Kenneth E. Miller started his journey with Mississippi State University in 1969. He grew up right down the road from Starkville, Mississippi, in Columbus, Mississippi. Coming into college at the ripe age of 15, he was not only the first member of his family to attend college, but also among the first African Americans to attend the university.
Prior to Miller, only one other African American had completed the engineering program at MSU. His legacy did not end when he graduated from MSU in 1975, rather he continued to invest in the university throughout his life. Miller, before he passed, made a pivotal donation to the aerospace engineering department at his alma mater.
Calvin Walker, senior flight test engineer at Raspet Flight Research Laboratory, shared he had only one personal conversation with Miller, but remembers him often through the donation he made to the department. Walker shared that the monetary donation made to the department by Miller was used in conjunction with other donations to purchase a simulator that would be helpful in advancing students' learning abilities.
This simulator is used in a couple of classes Walker instructs on campus: an aircraft flight dynamics class and an aircraft design class.
"They design their airplane using the design methodologies that we give them, and then they will then put that particular design into the simulator to see how the airplane performs or how the airplane flies or how the airplane handles," Walker said.
Miller left behind a legacy when he walked off of MSU's campus in 1975, but his influence extends far beyond the 39759 zip code of Starkville, Mississippi. According to his obituary, Miller valued serving his country as well as his alma mater.
"Ken served his country with over thirty years of civilian service to the U.S. Navy and the U.S. Air Force and retired as one of the highest-ranking civilians in the Defense Department ... His final government service position was as Special Assistant for Acquisition, Governance and Transparency, to the Secretary of the Air Force. He exemplified honor, courage, and commitment in every interaction," the obituary states.
His commitment to service led him to eventually establish and be president of KEM (Kenneth E. Miller) and Associates LLC, a business and management consulting firm.
His influence and commitment to his community lives on. Here at MSU, Miller's contributions continue to impact students.
"If it wasn't for him and the donation that he gave, we wouldn't have been able to get the simulator, and the simulator has allowed students to have an understanding of handling qualities and flying qualities other than the equations that we give them in class," Walker said.
Miller passed away on Aug. 17, 2021, in Arlington, Virginia, at 69 years old. He left behind his legacy as a pioneer for Black students to come through MSU, and also for students in the engineering department to do big things. Aside from his impact, he is survived by his wife, Victoria Miller, and his sons Kevin Miller and Kenneth Miller, Jr.

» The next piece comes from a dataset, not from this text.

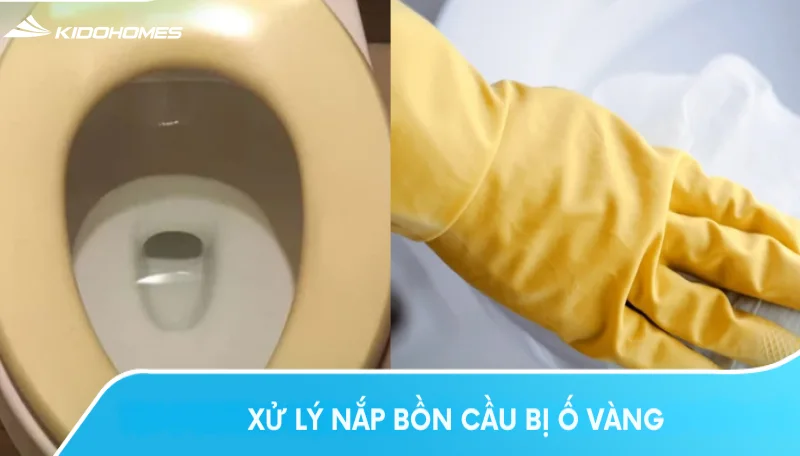 Cách tẩy trắng nắp nhựa bồn cầu bị ố vàng hiệu quả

There is a fundraiser in his name, the Kenneth E. Miller Excellence Endowment, that can be donated to through the Mississippi State University Foundation. It is in support of other African American leaders in engineering coming through the program at MSU.
Rani Warsi Sullivan, Ph.D., interim department head and professor for the aerospace engineering department at MSU, spoke about the importance of helping students go through the university's engineering program. She shared that the small department's faculty has always had an open-door policy to make students feel more comfortable asking them for help and guidance. The program also emphasizes the importance of work done in groups.
"This allows our students to hone a number of skills— not only technical skills, but soft skills as well," Sullivan said. "They work in teams, they collaborate, and this enables them to see things from many different perspectives."
MSU's aerospace engineering department has certainly developed in leaps and bounds since Miller's departure in 1975. Miller was able to see the department's progress over the years, progress which was influenced by his legacy there. This, Sullivan shared, is part of what must have encouraged him to make his generous donation.
"We would like to give a very holistic, well-rounded experience to our students, so that when they are graduating, they are ready to take their place in the workforce as an aerospace engineer," Sullivan said.
Aside from his donation, Miller gave back to the Bulldog family by serving on the Department of Aerospace Engineer's board of advisors. He also participated in the MSU Black Alumni Advisory Council. He left behind a legacy so that students could learn from him and develop skills because of him, through the equipment purchased with his donation.
"This is Ken Miller's legacy," Sullivan said. "The gift that he has given us is going to keep on giving, because the students that have benefited from it have gone on, but more are coming through and they are benefitting now from this simulation capability that we have, the ability to design an aircraft and then immediately to fly it to see its performance."